EXERCISE MATERIAL section start

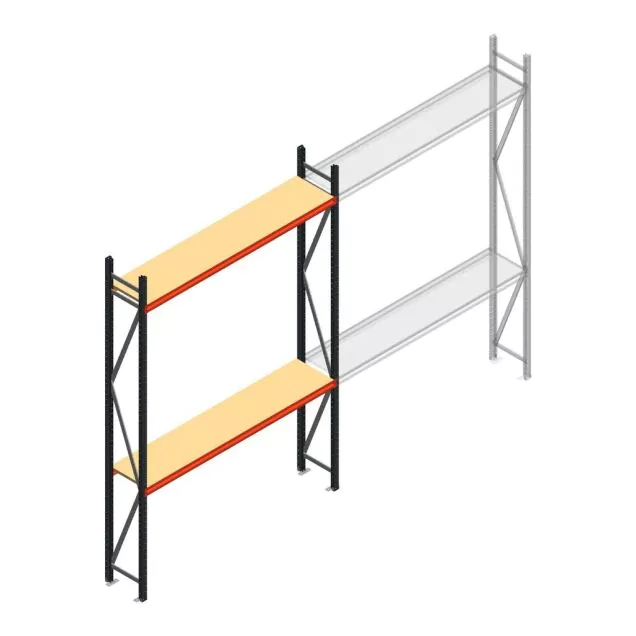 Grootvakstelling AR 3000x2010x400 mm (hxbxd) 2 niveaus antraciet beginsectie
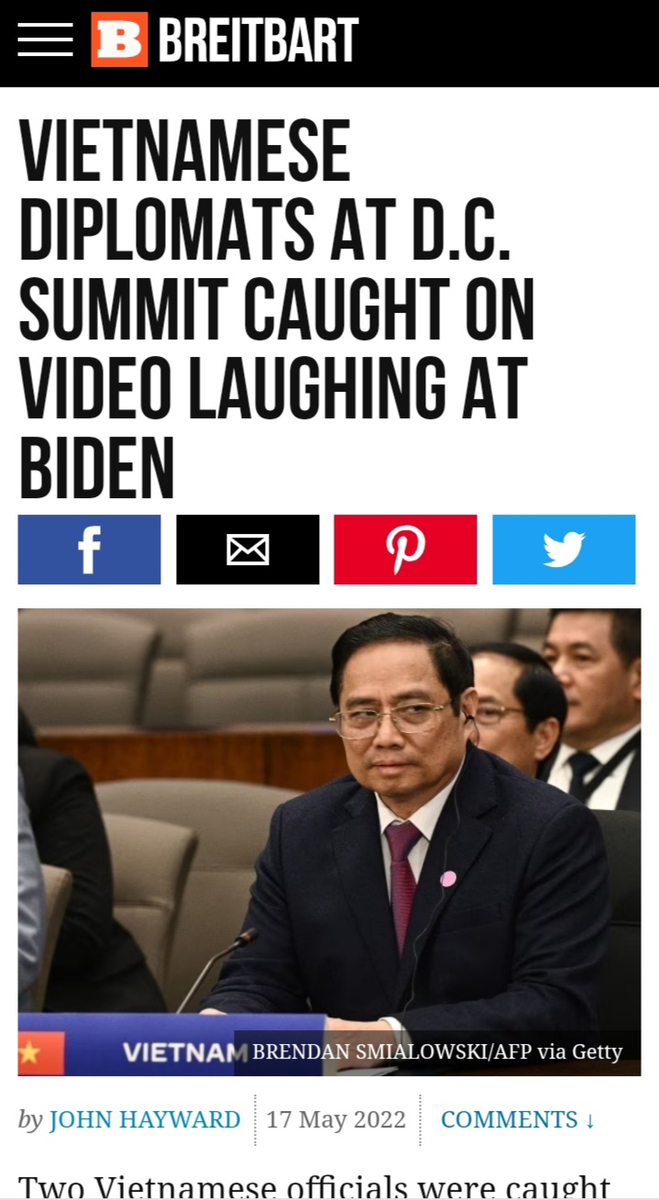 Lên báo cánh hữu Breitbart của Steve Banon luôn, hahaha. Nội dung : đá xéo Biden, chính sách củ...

EXERCISE MATERIAL section end
EXERCISE MATERIAL section start

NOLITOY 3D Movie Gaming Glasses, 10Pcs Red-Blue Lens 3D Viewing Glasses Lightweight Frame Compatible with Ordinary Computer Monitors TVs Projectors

EXERCISE MATERIAL section end
EXERCISE MATERIAL section start

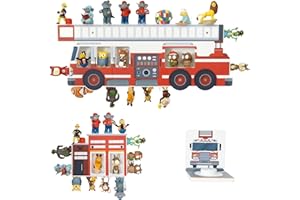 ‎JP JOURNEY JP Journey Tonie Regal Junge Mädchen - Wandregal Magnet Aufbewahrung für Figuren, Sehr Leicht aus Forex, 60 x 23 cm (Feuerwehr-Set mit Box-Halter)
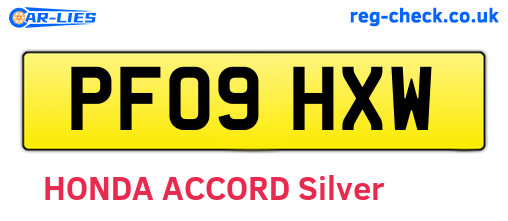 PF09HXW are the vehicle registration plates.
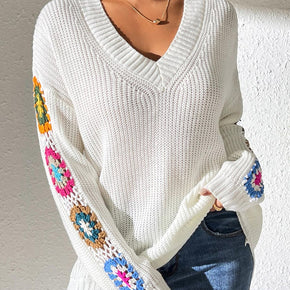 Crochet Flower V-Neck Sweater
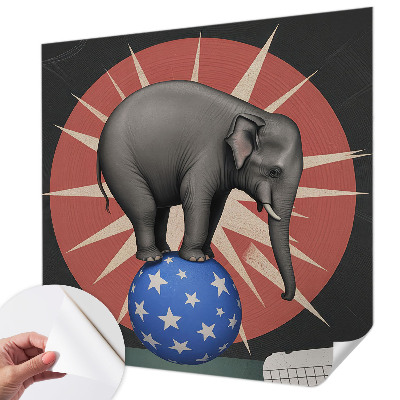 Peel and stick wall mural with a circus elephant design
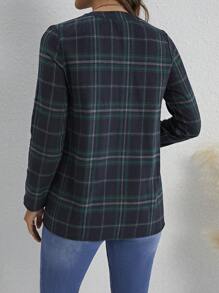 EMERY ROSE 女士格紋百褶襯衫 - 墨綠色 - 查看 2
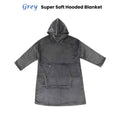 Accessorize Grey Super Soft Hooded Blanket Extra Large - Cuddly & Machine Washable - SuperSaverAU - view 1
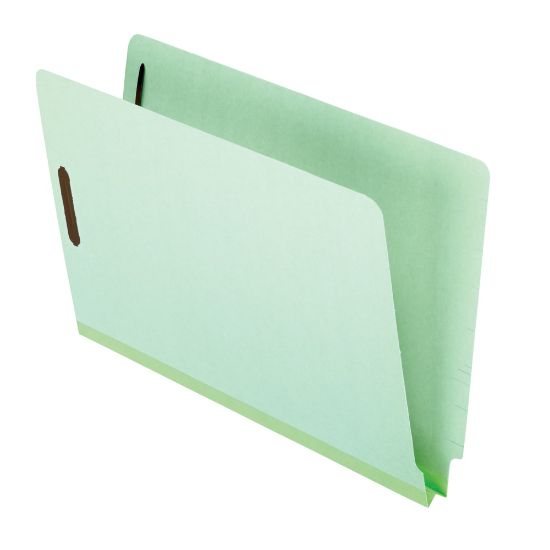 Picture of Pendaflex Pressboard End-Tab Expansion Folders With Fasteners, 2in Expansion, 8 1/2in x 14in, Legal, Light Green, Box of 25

EXERCISE MATERIAL section end

*ACTION ITEM*
Everything above from the line containing "Grootvakstelling AR 3000x2010x400" through the line containing "Lên báo cánh" must be repeated exactly, and the pictures must be left out.

*RESPONSE TO THE EXERCISE*
 Grootvakstelling AR 3000x2010x400 mm (hxbxd) 2 niveaus antraciet beginsectie
 Lên báo cánh hữu Breitbart của Steve Banon luôn, hahaha. Nội dung : đá xéo Biden, chính sách củ...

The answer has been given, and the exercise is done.